- AVAILABLE DATA:
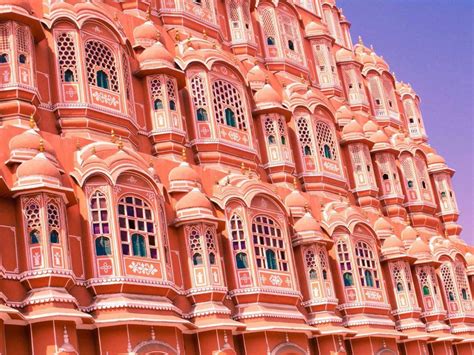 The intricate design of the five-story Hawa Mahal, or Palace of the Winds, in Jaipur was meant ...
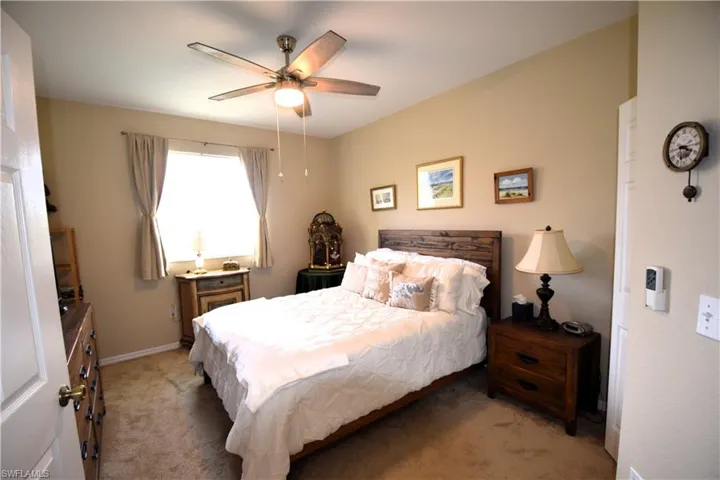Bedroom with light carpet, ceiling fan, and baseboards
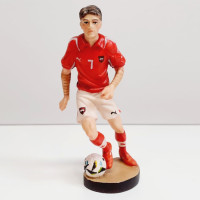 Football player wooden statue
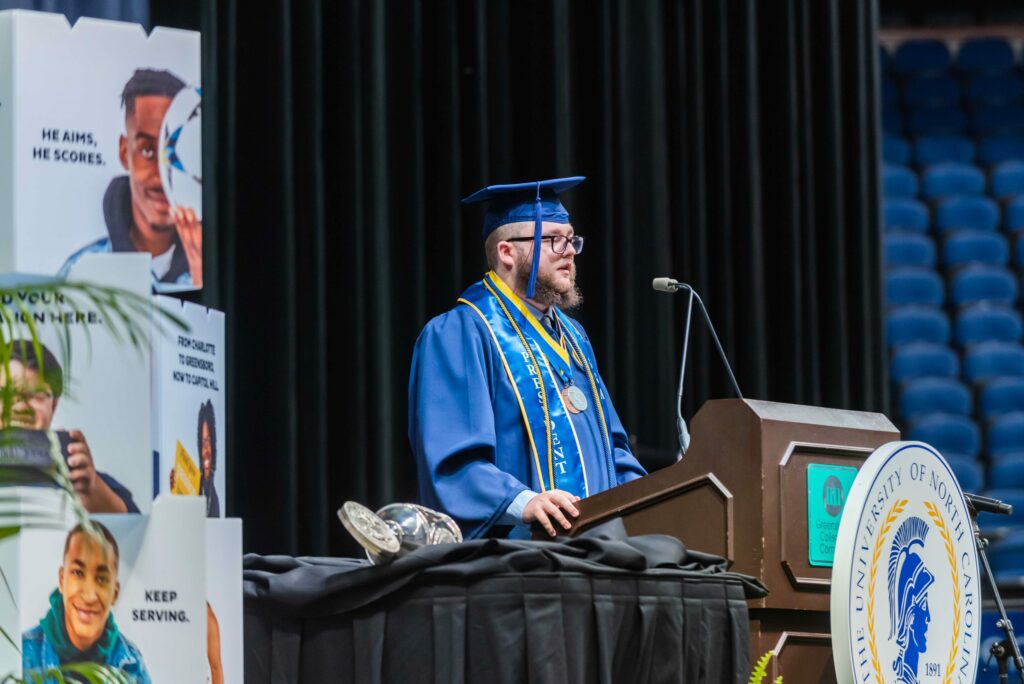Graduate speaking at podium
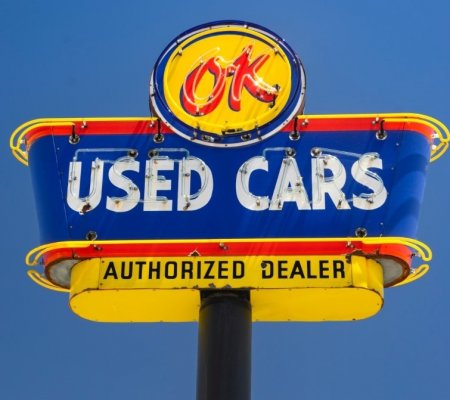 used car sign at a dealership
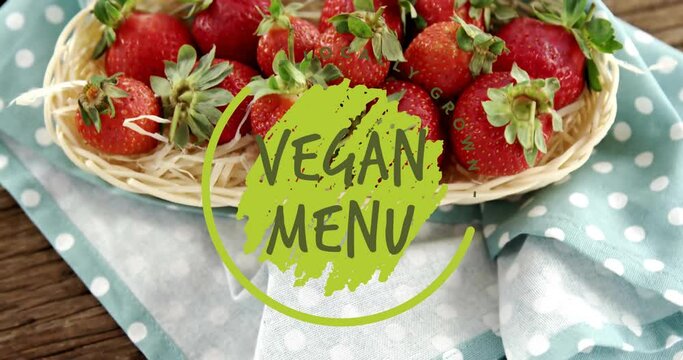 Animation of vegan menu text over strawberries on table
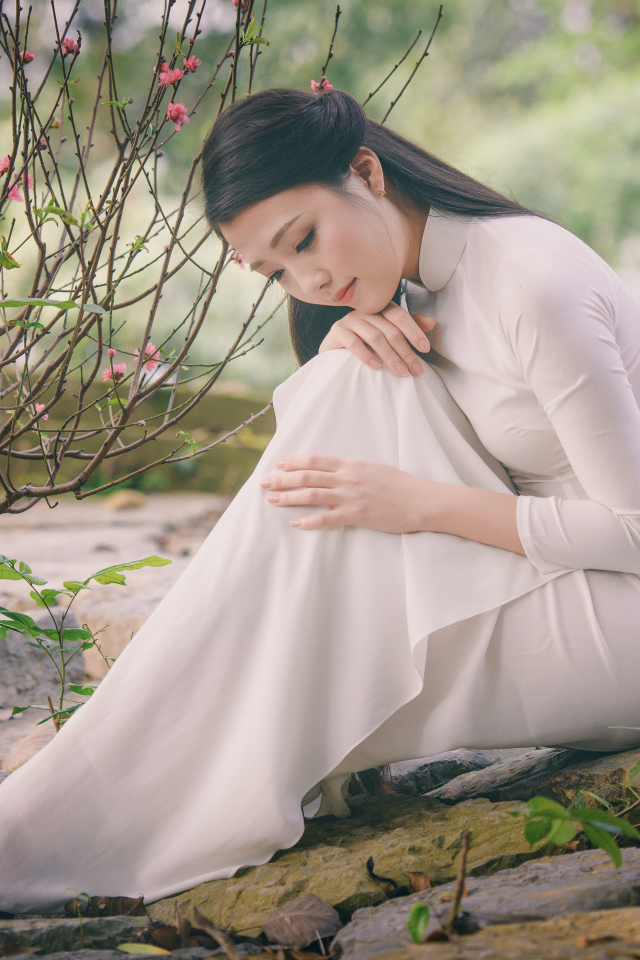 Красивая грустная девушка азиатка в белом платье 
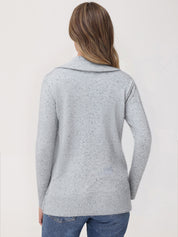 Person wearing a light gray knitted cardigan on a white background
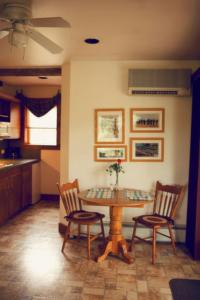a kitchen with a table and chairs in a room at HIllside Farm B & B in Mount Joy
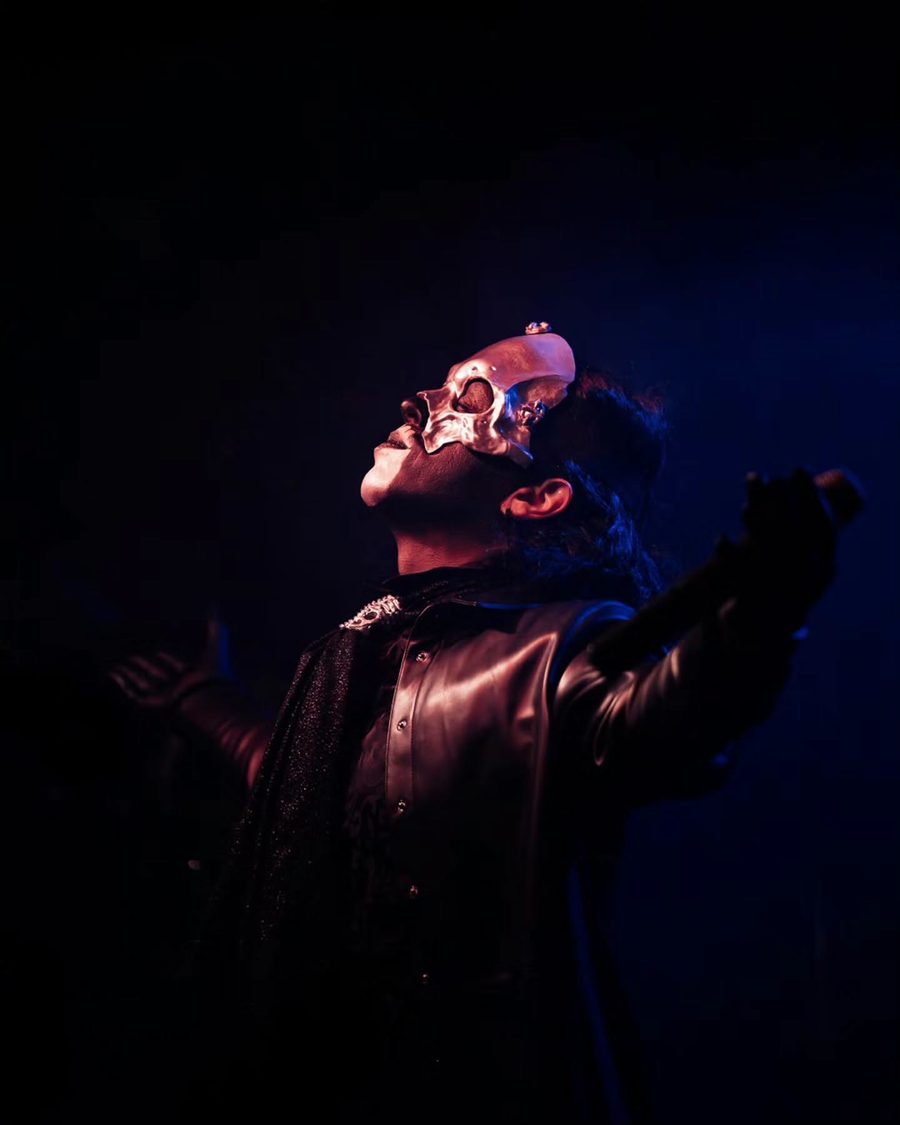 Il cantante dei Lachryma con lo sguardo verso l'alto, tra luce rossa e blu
...
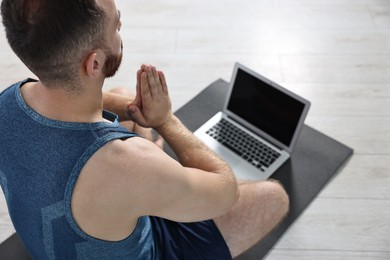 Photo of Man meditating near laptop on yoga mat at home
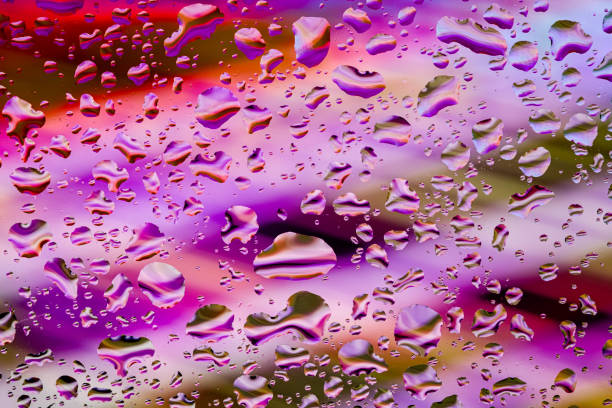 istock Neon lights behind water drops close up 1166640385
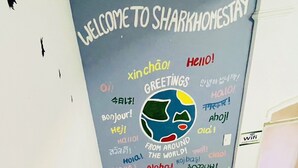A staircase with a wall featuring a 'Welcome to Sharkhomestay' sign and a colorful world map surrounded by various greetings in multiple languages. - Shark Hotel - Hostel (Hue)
---
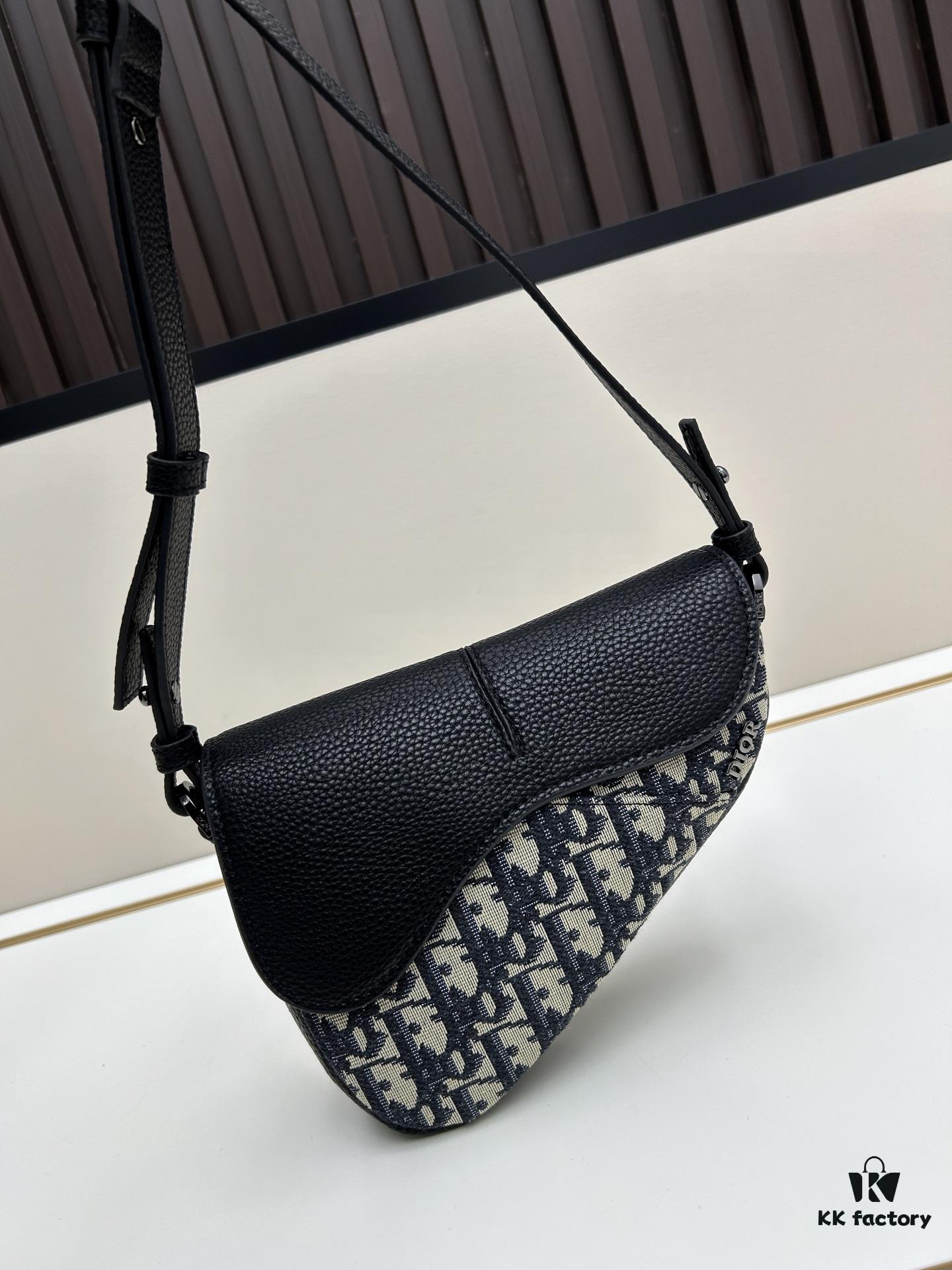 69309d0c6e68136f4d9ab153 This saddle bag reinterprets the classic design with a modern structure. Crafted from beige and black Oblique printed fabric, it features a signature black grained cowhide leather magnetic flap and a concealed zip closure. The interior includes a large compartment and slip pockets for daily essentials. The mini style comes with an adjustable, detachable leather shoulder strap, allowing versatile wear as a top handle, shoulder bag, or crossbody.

- WHAT TO DO: Drop the pictures; return the lines above from the line containing "The intricate design" to the line containing "Il cantante dei", both included, exactly.

- ANSWER SECTION:
 The intricate design of the five-story Hawa Mahal, or Palace of the Winds, in Jaipur was meant ...
Bedroom with light carpet, ceiling fan, and baseboards
 Football player wooden statue
Graduate speaking at podium
 used car sign at a dealership
 Animation of vegan menu text over strawberries on table
 Красивая грустная девушка азиатка в белом платье 
 Person wearing a light gray knitted cardigan on a white background
a kitchen with a table and chairs in a room at HIllside Farm B & B in Mount Joy
 Il cantante dei Lachryma con lo sguardo verso l'alto, tra luce rossa e blu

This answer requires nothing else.